RE Perl Pattern matching

Discussion in 'Perl Misc' started by Deepan Perl XML Parser, Apr 2, 2008.

  1. Hi,
    I am having a string say $str, the value of it is as
    below:

    <responseStatus>HTTP/1.1 200 OK</responseStatus>

    <cookies>

    <cookie name="ASPSESSIONIDSQDCBDBA" path="/" domain="www-
    int.juniper.net">DOCFGJEAKNOMBLHCGEMOIMBA</cookie>

    </cookies>

    <headers>

    <header name="Cache-control">private</header>

    <header name="Content-Encoding">deflate</header>

    <header name="Content-Type">text/html</header>

    <header name="Date">Wed, 26 Mar 2008 04:48:16 GMT</header>

    <header name="Server">Concealed by Juniper Networks Redline EX</
    header>

    <header name="Set-
    Cookie">ASPSESSIONIDSQDCBDBA=DOCFGJEAKNOMBLHCGEMOIMBA; path=/</header>

    <header name="Transfer-Encoding">chunked</header>

    <header name="Vary">Accept-Encoding, User-Agent</header>

    <header name="Via">1.1 sac-p-green-dx2 (Juniper Networks
    Application Acceleration Platform - DX 5.1.8 0)</header>

    <header name="Warning">214 www-int.juniper.net &quot;Juniper
    Networks DX Active&quot;</header>

    <header name="X-Powered-By">ASP.NET</header>

    </headers>

    <content>

    <contentLength>27887</contentLength>

    <compression>71.3</compression>

    <encodingScheme>deflate</encodingScheme>

    <text><![CDATA[
    <!DOCTYPE html PUBLIC "-//W3C//DTD XHTML 1.0 Strict//EN"..."http://
    www.w3.org/TR/xhtml1/DTD/xhtml1-strict.dtd">..<html>..<head>....<title>
    Intranet Home Page</title>..<script language="JavaScript" type="text/
    javascript">..function clicker()..{..document.seek2.qt.value =
    document.seek1.qt.value;..return true;..}</form>.. <!-- close Main2 --
    >..</div><!-- close Main1 -->....</body>..</html>..

    ]]></text>

    <mimeType>text/html</mimeType>

    </content>

    ----------------

    Now i want to get everything between "<text><![CDATA[" and "]]></
    text>" [ie i need to capture the CDATA section]and i am using the
    below code

    if( $str =~ m#<text><!\[CDATA\[(.*)\]\]></text># )
    {
    print $1;
    }


    But not getting anything.

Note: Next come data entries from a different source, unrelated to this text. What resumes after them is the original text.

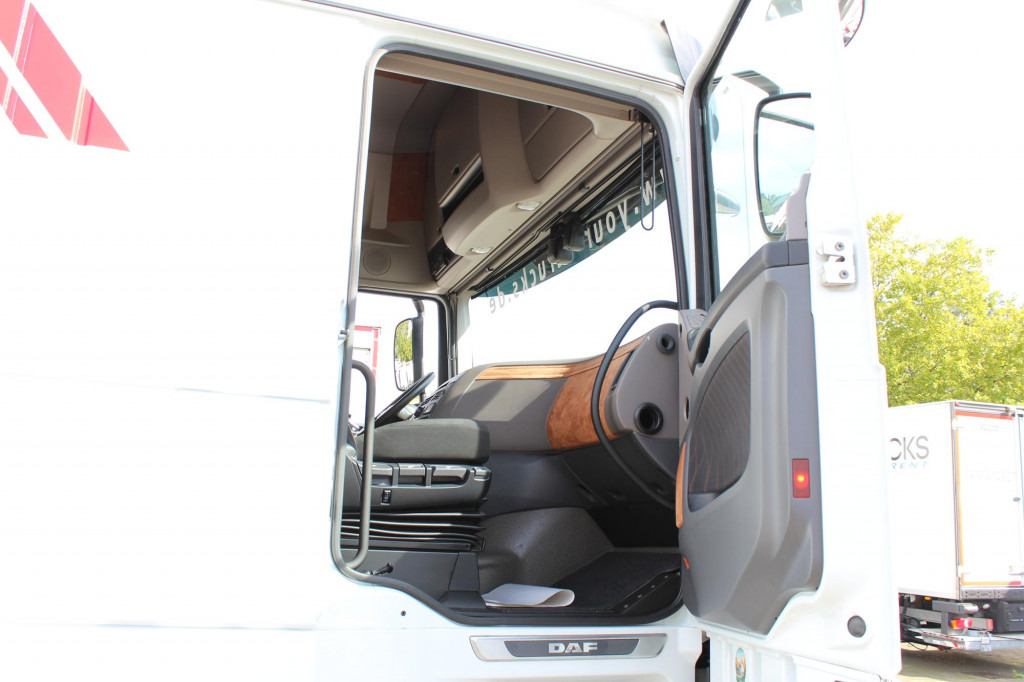 Daf 530 SSC Retarder Kühlbox 2 Tanks Standklima - شاحنة جرار: صور 3 Daf 530 SSC Retarder Kühlbox 2 Tanks Standklima - شاحنة جرار: صور 3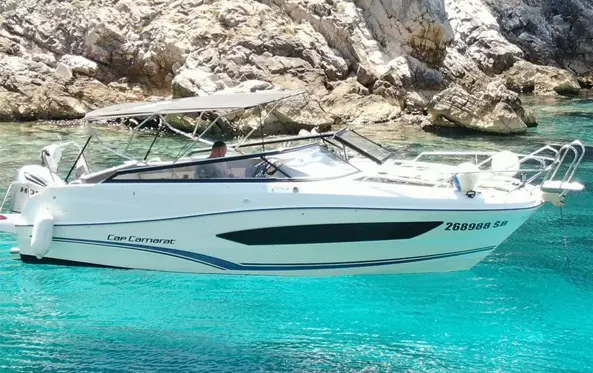 Cap Camarat 7.5DC - 7,4 metra dug gliser, za do 9 osoba, opremljen Honda 250 HP motorom.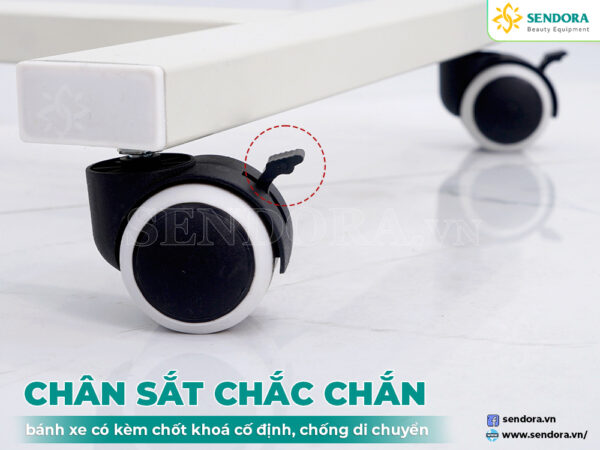 Bàn ăn y tế di động nâng hạ, bàn làm việc thông minh HMDT-1020 22 Chân sắt chắc chắn và 2 bánh xe trước được trang bị khoá cố định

Can anyone find out the fault in it?
    Deepan Perl XML Parser, Apr 2, 2008
    #1
    1. Advertising

  2. Deepan Perl XML Parser

    Ben Bullock Guest

    On Apr 2, 2:23 pm, Deepan Perl XML Parser <> wrote:

    > if( $str =~ m#<text><!\[CDATA\[(.*)\]\]></text># )
    > {
    > print $1;
    >
    > }
    >
    > But not getting anything. Can anyone find out the fault in it?


    You need an "s" at the end:

    if( $str =~ m#<text><!\[CDATA\[(.*)\]\]></text>#s )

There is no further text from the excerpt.